The mythical Derby Dust Bunny


The first time in ages I've shot anything above f2.8 and there they were, lurking at f8.

I’ve never really been one for landscape photography. I can appreciate a good image but I’m too lazy and impatient to pursue the genre with anything more than passing interest. I will take a camera with me when I journey in to the great outdoors, but not with any real effort to take a great image.

I remember meeting a guy descending from a mountain peak in the Scottish Highlands one day. He was carrying a large plate camera, tripod and I assume the remnants of the snacks to sustain him during shooting. He explained he’d been waiting four days to get the sky, ‘just right’. That’s dedication and an ethos I cannot subscribe to.

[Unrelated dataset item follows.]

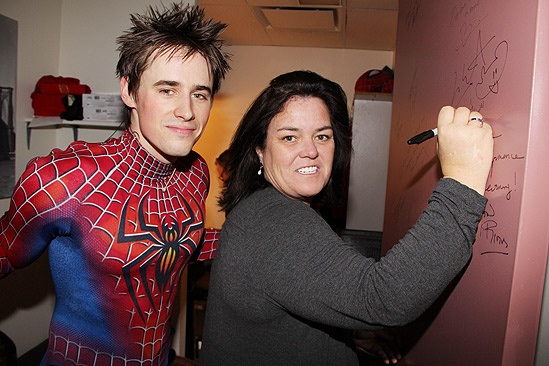 Rosie O’Donnell Visits Spider-Man, Turn off the Dark – Reeve Carney – Rosie O’Donnell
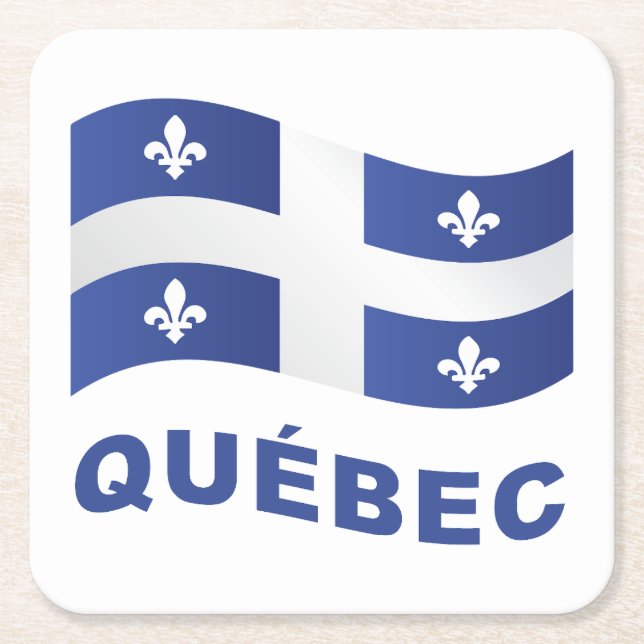 Dessous-de-verre Carré En Papier Québec (Devant)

For all the constraints venues that host Roller Derby put on photographers, bad light, bland walls, no coffee, hanging around for four days until the 40w bulb looks quite right isn’t one of them.  Neither is the evil, known as ‘Dust Bunnies’. Shooting Derby requires getting as much light in to camera in the shortest possible of time, effectively eliminating this evil. I could smear peanut butter on my lens and you probably wouldn’t see it. And anything that may look like ‘foreground interest’ is probably just a bit of my lunch I’ve dropped on the camera.

Shooting at smaller apertures allows ‘Dust Bunnies’ to rear their ugly head, ears and fluffy tail. De-spotting and generally trying to eliminate dust bunnies is a task that fills me with dread, and a certain amount of boredom.  It is a procedure most landscape photographers must endure in their attempt to get as much as the scene in focus as possible.  If I were to shoot landscapes, I think I’d use film to do away from this post-processing nightmare.


Dust Bunnies are generally not 12ft tall and look like a rabbit, but they are pure evil with a vicious streak a mile wide. 

Luckily, in Derby, there’s no chance of shooting anything above f2.8, and so minimising the possibility of seeing these mythical creatures materialise and then trying to destroy them, anything erroneous in the shot just probably a half-eaten sausage roll, or at this time of year, mince pie.

If you do ever catch site of the mythical Derby Dust Bunny, let me know.